Keywords: Coronary artery disease, In-stent restenosis, High sensitivity C-reactive protein, Stenting, Percutaneous coronary intervention, Drug-eluting stents.



1. INTRODUCTION

Coronary Artery Disease (CAD) is considered the most common cardiovascular disease and is a significant cause of death worldwide [1]. There is a consistent relationship between inflammatory biomarkers and cardiovascular disease [2].

C-reactive Protein (CRP) is a well-established inflammatory biomarker in predicting cardiovascular events. It has been repeatedly shown that high hsCRP levels were positively correlated with major adverse cardiovascular outcomes [3, 4]. Recently, Sonaglioni et al. [5] found that the common carotid artery intima-media thickness was significantly associated with elevated CRP levels in patients with idiopathic pulmonary fibrosis. Moreover, several studies confirmed that CRP elevation was associated with CAD and widespread advanced and unstable atherosclerotic disease, for example, carotid artery disease [6-8]. Yip et al. studied 168 unstable angina patients and found that the hsCRP level at baseline and 180 days after unstable angina correlated with the progression of moderately diseased non-culprit native coronary lesions, not In-Stent Restenosis (ISR) [9].
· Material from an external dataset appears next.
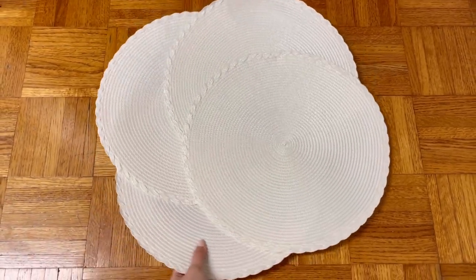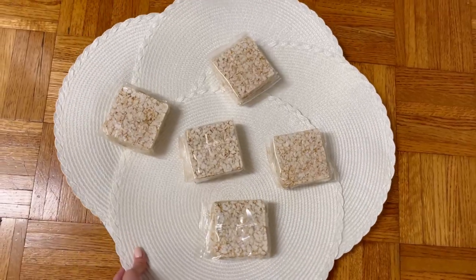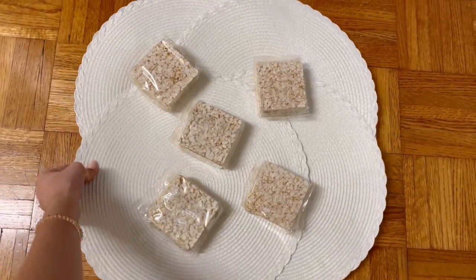It is absolutely great material, very high quality, and it fits my large plates for snack time, which is very convenient and easy to use. I love it.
Statins are well-tolerated medications in most patients [10], and their prescription is increasing steadily, but it is still far below the current guideline recommendations, especially in diabetic patients [11]. Statins were found to reduce the inflammatory markers. Werida et al. in 2012 found that rosuvastatin is more effective than atorvastatin in reducing inflammatory biomarkers, including hsCRP in type 2 diabetics [12]. In JUPITER (Justification for the Use of Statins in Primary Prevention: An Intervention Trial Evaluating Rosuvastatin trial), a primary prevention trial that studied 17,802 patients with high hsCRP (>2 mg/L) and normal or low Low-Density Lipoprotein Cholesterol (LDL-C). The trial was ended prematurely as rosuvastatin significantly reduced major cardiovascular events after 1.9 years of follow-up compared with the placebo group [13].

Percutaneous Coronary Intervention (PCI) showed morbidity and mortality benefits in a broad spectrum of CAD patients. However, coronary stents cause local and systemic inflammatory reactions mediated by inflammatory cytokines that cause hsCRP release [14, 15]. Coronary ISR is considered an unfavourable outcome post-stent implantation [16] and is thought to occur due to inflammatory reaction and proliferation of smooth muscles within the stent. Even though restenosis mechanisms differ and depend on the type of implanted stent, the primary mechanism is intimal hyperplasia [17].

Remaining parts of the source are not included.